Under Kentucky law, juveniles 14 and older may be tried as adults if charged with a violent felony, such as murder, assault, rape or robbery.
Jenna will not face the death penalty if convicted. In a 2005 decision, the U.S. Supreme Court ruled that the execution of people who were under 18 at the time of their crimes violates the federal constitutional guarantee against cruel and unusual punishment.
Phillip Oakley said he has spoken to Jenna once and “I don’t hear any remorse in her voice. I’ve asked her why. She doesn’t have an answer. The one time I did talk to her, she said ‘What do you want?’ And I said, ‘I want my wife back.’ And she said, ‘Really? That’s what you want? You want your wife back?’”
“You know, you always think of your daughter as, they’re going to prom, or you’re going to walk them down the aisle someday. How did mine turn out like this?” Oakley said. “... I consider her and Kenny both monsters. I just don’t see how someone can do that to someone that’s caring for them, that’s doing everything to love ’em.”
In a previous interview, Phillip Oakley said there were ‘warning signs” before his wife’s death. Asked about that Tuesday, he said: “I don’t know what I can say because I don’t want to jeopardize anything. At some point, I'll go into more detail. I can just say there are people who knew things. There were warning signs and ... people were contacted, but nobody did anything.”
Oakley said Christmas time was his wife’s favorite time of year.
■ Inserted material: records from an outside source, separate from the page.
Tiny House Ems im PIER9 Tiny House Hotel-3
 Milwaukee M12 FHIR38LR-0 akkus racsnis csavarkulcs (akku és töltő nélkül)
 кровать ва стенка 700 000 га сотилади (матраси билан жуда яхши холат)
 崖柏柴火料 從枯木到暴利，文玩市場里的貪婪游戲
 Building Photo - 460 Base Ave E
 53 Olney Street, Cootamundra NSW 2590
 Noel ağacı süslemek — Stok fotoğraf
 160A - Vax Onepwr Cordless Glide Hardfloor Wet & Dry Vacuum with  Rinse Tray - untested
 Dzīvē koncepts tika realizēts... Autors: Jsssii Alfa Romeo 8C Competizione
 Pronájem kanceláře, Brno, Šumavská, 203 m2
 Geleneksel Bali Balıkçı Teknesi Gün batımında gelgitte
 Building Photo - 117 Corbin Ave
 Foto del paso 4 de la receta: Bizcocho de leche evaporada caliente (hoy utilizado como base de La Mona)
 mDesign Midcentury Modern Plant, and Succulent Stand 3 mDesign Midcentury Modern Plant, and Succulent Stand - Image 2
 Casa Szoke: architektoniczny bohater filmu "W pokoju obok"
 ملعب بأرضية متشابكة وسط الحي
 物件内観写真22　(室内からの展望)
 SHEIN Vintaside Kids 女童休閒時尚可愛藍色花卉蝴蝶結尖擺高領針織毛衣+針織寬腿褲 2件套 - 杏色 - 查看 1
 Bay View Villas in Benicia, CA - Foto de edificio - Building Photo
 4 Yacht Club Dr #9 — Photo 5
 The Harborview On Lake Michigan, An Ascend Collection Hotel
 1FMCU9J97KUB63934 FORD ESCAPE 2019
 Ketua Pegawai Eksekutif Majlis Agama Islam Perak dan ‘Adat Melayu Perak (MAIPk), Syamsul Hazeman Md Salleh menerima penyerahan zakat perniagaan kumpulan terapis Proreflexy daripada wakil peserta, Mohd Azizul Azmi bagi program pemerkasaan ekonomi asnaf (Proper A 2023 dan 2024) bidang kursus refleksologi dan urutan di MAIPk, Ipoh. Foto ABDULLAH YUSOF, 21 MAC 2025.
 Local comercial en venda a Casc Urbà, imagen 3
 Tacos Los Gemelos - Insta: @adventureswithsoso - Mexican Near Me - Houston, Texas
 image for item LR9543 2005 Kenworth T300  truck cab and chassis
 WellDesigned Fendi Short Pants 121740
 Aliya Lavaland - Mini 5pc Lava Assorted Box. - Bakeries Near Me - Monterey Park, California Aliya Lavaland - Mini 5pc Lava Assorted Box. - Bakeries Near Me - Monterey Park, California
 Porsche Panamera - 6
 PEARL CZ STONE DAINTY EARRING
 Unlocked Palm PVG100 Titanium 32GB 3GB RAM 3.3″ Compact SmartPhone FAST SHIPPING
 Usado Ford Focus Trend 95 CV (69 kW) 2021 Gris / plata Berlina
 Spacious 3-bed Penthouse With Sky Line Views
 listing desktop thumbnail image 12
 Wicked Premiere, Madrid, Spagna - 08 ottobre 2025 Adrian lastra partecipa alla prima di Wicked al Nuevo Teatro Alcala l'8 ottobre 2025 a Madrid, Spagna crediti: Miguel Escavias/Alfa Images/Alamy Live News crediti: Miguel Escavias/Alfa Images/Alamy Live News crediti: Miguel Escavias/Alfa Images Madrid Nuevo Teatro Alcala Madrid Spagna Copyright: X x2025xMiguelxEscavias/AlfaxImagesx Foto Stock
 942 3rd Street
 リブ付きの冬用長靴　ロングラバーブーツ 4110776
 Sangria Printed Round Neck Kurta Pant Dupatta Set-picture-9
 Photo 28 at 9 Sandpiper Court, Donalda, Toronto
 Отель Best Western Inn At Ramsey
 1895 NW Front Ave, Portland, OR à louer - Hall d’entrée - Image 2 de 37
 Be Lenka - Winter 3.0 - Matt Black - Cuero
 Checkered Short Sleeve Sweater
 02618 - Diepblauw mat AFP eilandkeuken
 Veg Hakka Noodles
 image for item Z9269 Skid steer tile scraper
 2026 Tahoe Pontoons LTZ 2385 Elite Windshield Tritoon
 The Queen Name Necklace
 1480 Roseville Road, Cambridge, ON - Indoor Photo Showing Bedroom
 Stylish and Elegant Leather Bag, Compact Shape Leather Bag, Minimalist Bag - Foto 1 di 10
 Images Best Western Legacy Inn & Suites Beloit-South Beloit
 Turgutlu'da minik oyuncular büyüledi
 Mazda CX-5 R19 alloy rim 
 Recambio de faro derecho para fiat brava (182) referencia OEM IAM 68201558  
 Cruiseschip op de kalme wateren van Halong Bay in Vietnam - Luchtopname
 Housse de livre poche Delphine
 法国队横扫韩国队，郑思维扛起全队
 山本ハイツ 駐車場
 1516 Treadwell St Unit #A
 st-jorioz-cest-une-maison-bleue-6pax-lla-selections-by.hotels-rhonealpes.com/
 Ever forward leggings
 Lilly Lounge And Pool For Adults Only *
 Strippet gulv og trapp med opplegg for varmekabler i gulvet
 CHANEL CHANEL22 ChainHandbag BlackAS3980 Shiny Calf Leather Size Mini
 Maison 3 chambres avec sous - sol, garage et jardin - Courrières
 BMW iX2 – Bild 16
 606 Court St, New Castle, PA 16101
“I always thought Christmas was too materialistic and all that, but she really, really loved it,” he said. “Something’s missing. ... This time of year she’d be wearing some crazy-looking sweater. I’ve got the memories but it’s still hard. And our anniversary is two days after Christmas. I’m just dreading this.”
Boyle Circuit Judge Darren Peckler scheduled a status hearing in the case for Jan. 3 in Danville.